Он бросился по лестнице вниз, хотя рядом был лифт, и даже не удивился, когда в холле, навстречу ему из дверей вышел врач. Он словно ждал здесь Валерия.
— Вы уже уходите?
— Да! — Валерий натягивал на себя пальто, не выпуская из рук цветов. Несколько гвоздик при этом сломались, повисли на стеблях.
— Очень жаль. Я вам говорил, что не нужно ходить, ведь вы настояли! Как вы не подумали…
— А вы думайте о себе! — дерзко бросил Валерий и вышел на улицу.

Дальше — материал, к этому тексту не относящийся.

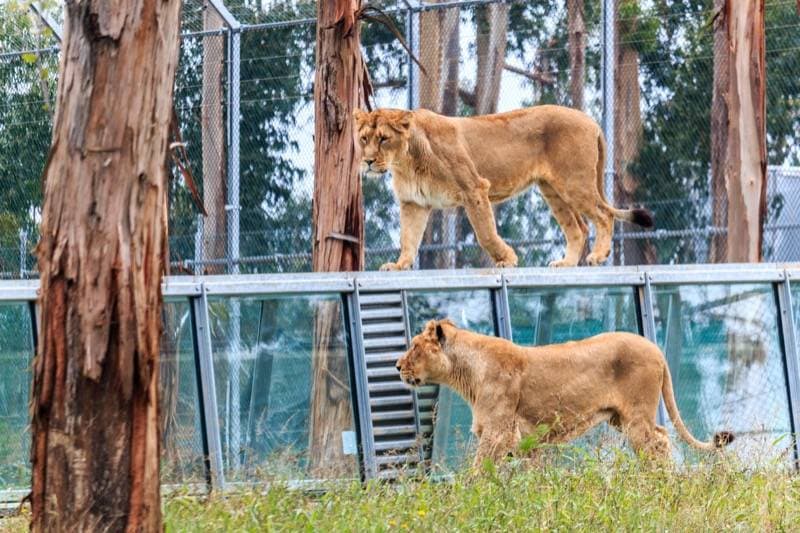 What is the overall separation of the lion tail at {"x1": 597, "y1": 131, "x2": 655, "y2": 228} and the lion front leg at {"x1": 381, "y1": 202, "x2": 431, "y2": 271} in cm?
141

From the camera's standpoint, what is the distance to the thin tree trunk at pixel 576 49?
16.5 metres

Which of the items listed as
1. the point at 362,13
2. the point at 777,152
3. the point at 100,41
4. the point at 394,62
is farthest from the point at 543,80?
the point at 100,41

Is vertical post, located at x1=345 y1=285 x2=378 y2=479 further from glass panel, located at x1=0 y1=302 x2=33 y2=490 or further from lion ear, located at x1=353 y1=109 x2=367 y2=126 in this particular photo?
glass panel, located at x1=0 y1=302 x2=33 y2=490

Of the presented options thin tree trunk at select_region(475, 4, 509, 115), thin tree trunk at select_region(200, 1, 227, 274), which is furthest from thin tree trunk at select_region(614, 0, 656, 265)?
thin tree trunk at select_region(200, 1, 227, 274)

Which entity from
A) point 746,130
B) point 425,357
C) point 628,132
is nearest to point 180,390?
point 425,357

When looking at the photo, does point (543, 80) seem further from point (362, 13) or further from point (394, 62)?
point (362, 13)

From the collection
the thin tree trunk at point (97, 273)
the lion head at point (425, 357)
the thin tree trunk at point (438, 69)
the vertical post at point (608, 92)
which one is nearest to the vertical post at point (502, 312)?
the lion head at point (425, 357)

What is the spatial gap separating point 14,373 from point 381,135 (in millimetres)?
2928

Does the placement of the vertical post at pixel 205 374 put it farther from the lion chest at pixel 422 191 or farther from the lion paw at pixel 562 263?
the lion paw at pixel 562 263

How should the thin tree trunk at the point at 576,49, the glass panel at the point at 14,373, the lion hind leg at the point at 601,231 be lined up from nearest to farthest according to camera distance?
→ the glass panel at the point at 14,373 < the lion hind leg at the point at 601,231 < the thin tree trunk at the point at 576,49

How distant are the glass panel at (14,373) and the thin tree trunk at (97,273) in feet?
11.7

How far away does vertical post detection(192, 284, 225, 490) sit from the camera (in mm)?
8914

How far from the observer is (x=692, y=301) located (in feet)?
33.6

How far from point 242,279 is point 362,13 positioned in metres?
2.58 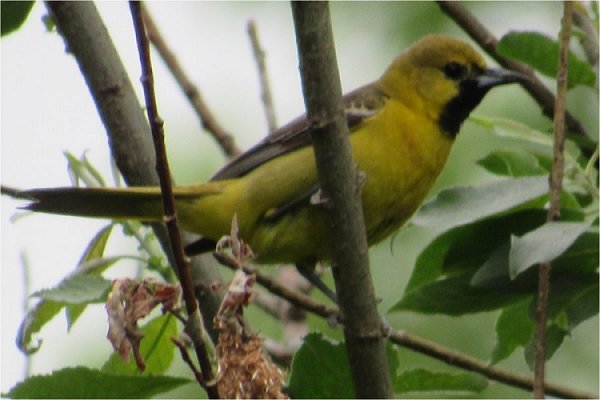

И вот Горбов сидит перед Лизой, ее лечащий врач, много думавший, взрослый совсем человек, и не знает, что нужно ответить на горькую исповедь. Сколько ликов у равнодушия, — и холодность, и смешливость, и внешняя вежливость, сколько масок, личин, сколько горя приносит оно человеку, то прямо, то косвенно, завлекая, обманывая, подавая надежду и тут же лишая ее, оставаясь вовеки веков неустойчивым и неверным, лишенным основы. Кажется, ты идешь по земле, а шагни подоверчивей — и нога оступается прямо в болото, в чуть прикрытую травкой трясину, в гнилье.
— Перед самой моей болезнью я видела его на углу, на бульваре. Он с какой-то девчонкой целовался. От меня — пошел к ней!..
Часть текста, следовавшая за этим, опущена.